Ontolog Forum
Ontology Summit 2014: (Track-D) "Tackling the Variety Problem in Big Data" Synthesis
Track Co-champions: Ken Baclawski and Anne Thessen
Mission Statement
Track D will discuss the integration of ontologies with Big Data. The focus will be on those aspects of Big Data that are most likely to benefit from the use of ontologies, primarily the problem of managing the complexity and variety of the data being processed and analyzed. Here are some of the sources of complexity and variety that will form the starting point for the discussion:
- Background knowledge of the domain within which the data is being produced, processed and analyzed
- Dealing with information requirements
- Data governance, including ingestion management
- The structure of the data
- This is especially important for the columnar databases commonly used in Big Data.
- Provenance of the data, including any transformations, analyses and interpretations of the data that have been performed
- Processing workflows, including merging and mapping data from multiple sources
- Privacy concerns
The mission of the track is:
- Identify potential solutions for tackling the sources of complexity and variety in Big Data.
- Develop specific use cases for the integration of ontologies with Big Data tools and techniques to tackle the variety problem.
Track Plan and Deliverables
- Elaborate the list of sources of Big Data variety that have the greatest potential for benefiting from the use of ontologies.
- Identify potential solutions for the list developed in the first phase.
- Find examples Big Data projects for which we can propose how ontology techniques can be applied to the project.
Express these as use cases for ontologies in Big Data.
- Develop the write-up (a section) that synthesizes the results of
the discourse in this track as a contribution to the OntologySummit2014.Communique.
- Gather citations to relevant resources for the OntologySummit2014_CommunityResources library.

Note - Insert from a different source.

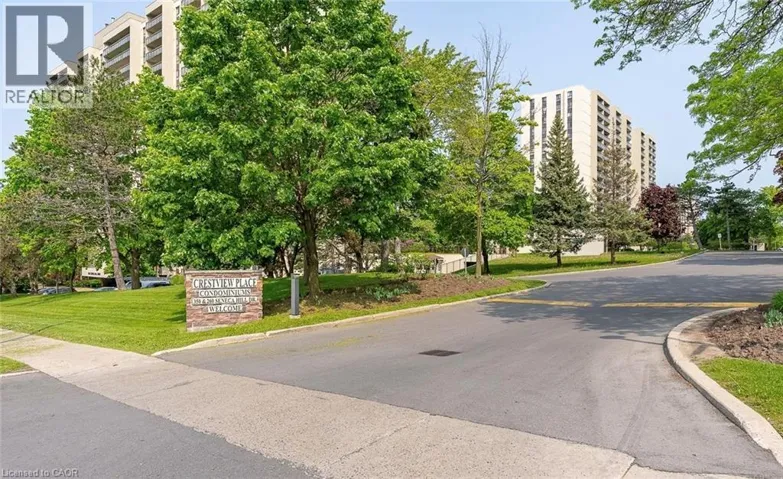 260 SENECA HILL Drive, North York, Ontario M2J4S6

see also: OntologySummit2014_Tackling_Variety_in_BigData_CommunityInput
Sessions
Draft Synthesis
Big Data has emerged as a field that can address important societal and commercial needs. Big Data is distinguished from traditional data processing when one or more of volume, velocity and variety are so large and complicated that traditional techniques are inadequate. Ontologies have the potential for a significant impact on Big Data. We have identified a number of ways that ontologies and semantic technologies could benefit Big Data.

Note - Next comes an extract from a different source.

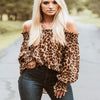 Maglione largo da donna con spalle scoperte e stampa leopardata in chiffon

One of the more traditional, but still very important, uses of ontologies in data analytics is to formalize the domain. Usually this takes the form of a taxonomy of vocabulary terms, but increasingly these taxonomies are being enhanced with properties and axioms. There are a number of difficulties (which could also be viewed as opportunities) with the use of ontologies for domain formalization include:
- Existing ontologies are usually insufficient for an application and must be
extended.
- Terminology used at one time for one set of data might have a different
meaning than what appears to be the same terminology used at a different time for another set of data. For ontologies to deal with this effectively, they must not only to evolve over time but also map the previous meanings to the new ones.
- Existing semantic tools are not always compatible with existing tools and
workflows in a domain.
A more recent use of ontologies for data analytics that has potential for high impact is for managing data provenance. Currently, most Big Data projects handle provenance in an ad hoc rather than systematic manner. Developing standard ontologies for commonly used, but informal, process models such as the OODA loop could have a significant impact on data analytics. Standard statistical reasoning ontologies are another area that has the potential for having a high impact.
Reusing existing ontologies is important for tool interoperability as well as for reducing the time and cost of ontology development. Sources of such reuse that have not been adequately exploited are informal models that appear in many domains, whether they are scientific or not. One example is the OODA loop which was originally developed for military purposes but is now recognized as being relevant in virtually every domain. Opportunities for reuse depend not only on having good technologies for supporting reuse but also on developing ontologies using relatively small modules, since smaller ontologies are more likely to be reusable.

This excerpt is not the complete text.